PROJET SANTE III

Ce nouveau Projet Santé s’inscrit dans la volonté du Gouvernement comorien de poursuivre l’effort entrepris pour garantir à toutes les catégories de la population la protection contre les fléaux naturels et les nuisances créées par l’homme et le libre accès à des soins de qualité dans des conditions économiques maîtrisées et des objectifs de développement durable. Ses objectifs spécifiques s’inscrivent pleinement dans le cadre de la politique sanitaire nationale telle que définie dans le Plan National de Développement Sanitaire, perspectives 2010, et dans le cadre de la nouvelle organisation du système de santé introduite par la Loi 94-016/AF. Ses priorités s’expriment essentiellement à trois niveaux :

à au niveau central ; pour assurer le renforcement des capacités de gestion et de management de la tutelle,

à au niveau des structures périphériques, pour renforcer et harmoniser les capacités de soin et de prévention,

à au niveau des collectivités, pour consolider leur participation au fonctionnement du système de santé et renforcer leur capacité contributive à son financement.
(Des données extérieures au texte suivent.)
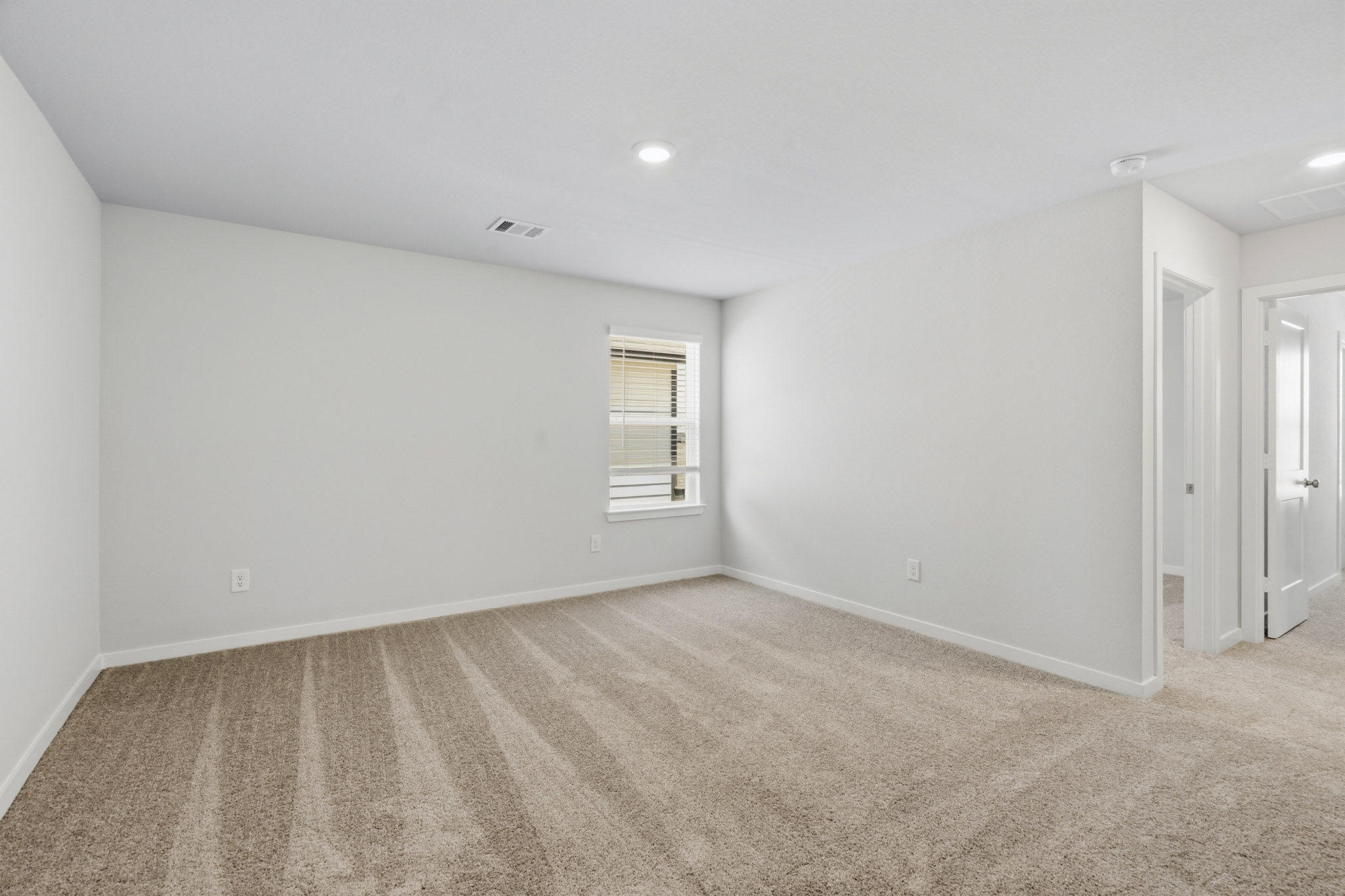 A room with a carpet and a door.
Ce nouveau projet va se traduire aussi par la mise en place de formations des personnels en cours d’emploi - avec un volet formation des personnels des services centraux et régionaux, et un volet formation continue des médecins, des soignants et des techniciens – par un appui logistique aux services chargés de la tutelle, enfin par la réalisation d’une étude pour la mise en place d’un système de protection sociale.

Le présent projet sera exécuté du 1 juillet 1998 au 1 juillet 2002.
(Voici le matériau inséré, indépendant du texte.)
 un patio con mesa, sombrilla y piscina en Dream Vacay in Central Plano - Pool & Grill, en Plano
Les modalités d’exécution du projet seront suivies par les directions opérationnelles du Ministère chargé de la santé, avec le concours du Projet Santé et de son directeur exécutif.

L’analyse financière et économique du projet santé, en particulier les analyses coûts- bénéfices, ont été réalisées dans le cadre de chaque composante.

 

Ce projet comprend trois composantes :

Ü Composante1 : «Réhabilitation physique et équipements ». Il s’agit ici de la réhabilitation et de l’équipement médical et administratif des Centres Hospitaliers Régionaux de Hombo et de Fomboni, des Centres Médico-Chirurgicaux de Domoni et de Mitsamiouli, et  du Centre de Santé de Wanani. Le résultat attendu est une meilleure distribution de soins et actes médicaux de qualité, une meilleure prise en charge des patients et un séjour en hospitalisation dans des conditions de confort, d’hygiène et de propreté requises et enfin une pérennisation de la politique du recouvrement des coûts.

Ü Composante2 : «Appui au programme de lutte contre le paludisme »  Il s’agit ici de développer des mesures de lutte antivectorielle, d’améliorer la planification, la coordination et l’évaluation des activités de lutte contre le paludisme et enfin, de renforcer les capacités des districts sanitaires dans la prise en charge correcte des malades (par exemple, promouvoir une meilleure prise en charge des cas à domicile). L’objectif spécifique du programme de lutte contre le paludisme est de diminuer la mortalité et la morbidité dues au paludisme.

Ü Composante3 : « Renforcement institutionnel ». Ce renforcement portera non seulement sur les services centraux du Ministère de la Santé Publique et de la Population, mais aussi sur les Directions Régionales de la Santé. Il s’agit ici d’aider ces services à mieux assumer leurs missions et d’éliminer les facteurs qui freinent la mise en place des réformes de la santé. A cette fin, le Ministère devra être équipé et doté d’un nombre suffisant de compétences dans les domaines techniques nouveaux tels que  la tutelle, la planification, le management administratif et les prestations des soins de qualité. Il nous faut ensuite permettre aux services du Ministère d’obtenir une assistance technique et  un ensemble de moyens matériels qui leur sont indispensables pour exercer leurs nouvelles missions. Enfin cette composante prévoit la mise en place d’un système de mutualisation et d’assurance dont le but est de garantir des soins de qualité aux populations  et de pérenniser le nouveau système de santé.